2.4. Les représentations.

Lorsque les individus ou les groupes parlent de situations qu’ils rencontrent, qu’ils vivent, dans lesquelles ils se sentent pris ou qui les dépassent, lorsqu’ils s’expriment sur les événements qui les affectent ou qu’ils tiennent pour extérieurs à eux, ils donnent à voir leurs représentations.
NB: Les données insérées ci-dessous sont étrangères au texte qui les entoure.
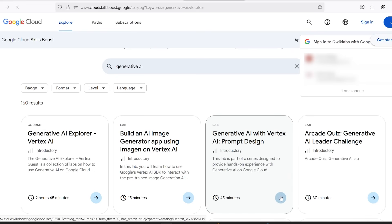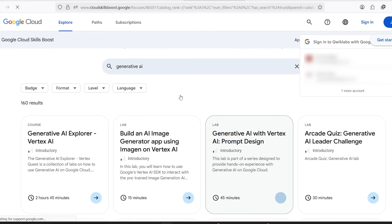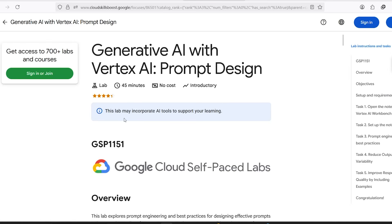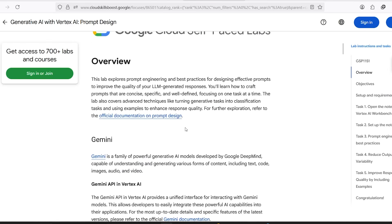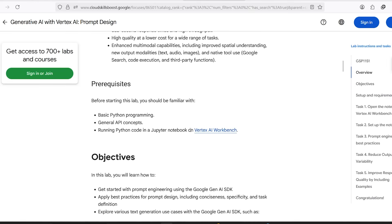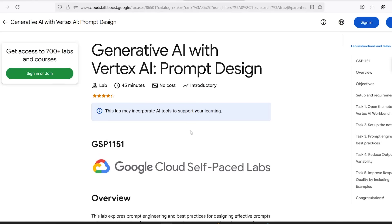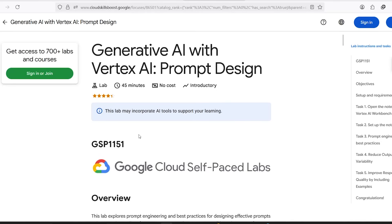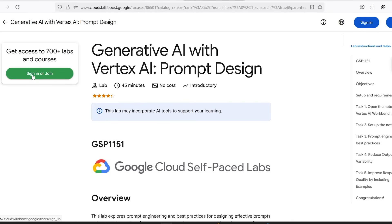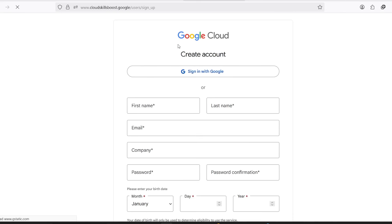Found it? Great. Click on it to open the lab page. Now, here's where things start to get good. Click on the Start Lab button. If you're not signed in already, it'll ask you to log in with your Google account. Use your regular Google account, no need to create anything new.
Lorsque les acteurs sociaux présentent leur conception sur le sens d’un changement, par exemple, leur langage comporte au moins deux niveaux de significations. ‘«’ ‘ Tandis qu’ils montrent avec des arguments rationnels la solution qu’ils envisagent ou qu’ils préconisent pour résoudre un problème, analysé avec les moyens culturels disponibles, en même temps la vision qu’ils expriment est une métaphore de ce qui peut servir de solution aux affects que le problème leur fait éprouver’ ‘ 82 ’ ‘ ’ ‘»’ . Ainsi, dans l’analyse qu’ils font des situations, les individus et les groupes introduisent toujours leurs nécessités subjectives.

Les nécessités qui président à la construction des représentations ou à leurs appropriations impliquent de considérer la représentation non seulement comme un contenu, mais aussi comme un ensemble de processus, intégrant des opérations psychiques donnant lieu à des remaniements et destinés à concilier l’intériorité et l’extériorité, l’individuel et le collectif. En tant que processus, les systèmes de représentations remplissent des fonctions d’organisation pour les perceptions, les affects et les valeurs, assurent des fonctions de défense contre les menaces internes et externes à l’individu et au groupe, une fonction régulatrice par la réduction qu’ils opèrent dans les conflits et les contradictions et par leur capacité à créer de la cohérence.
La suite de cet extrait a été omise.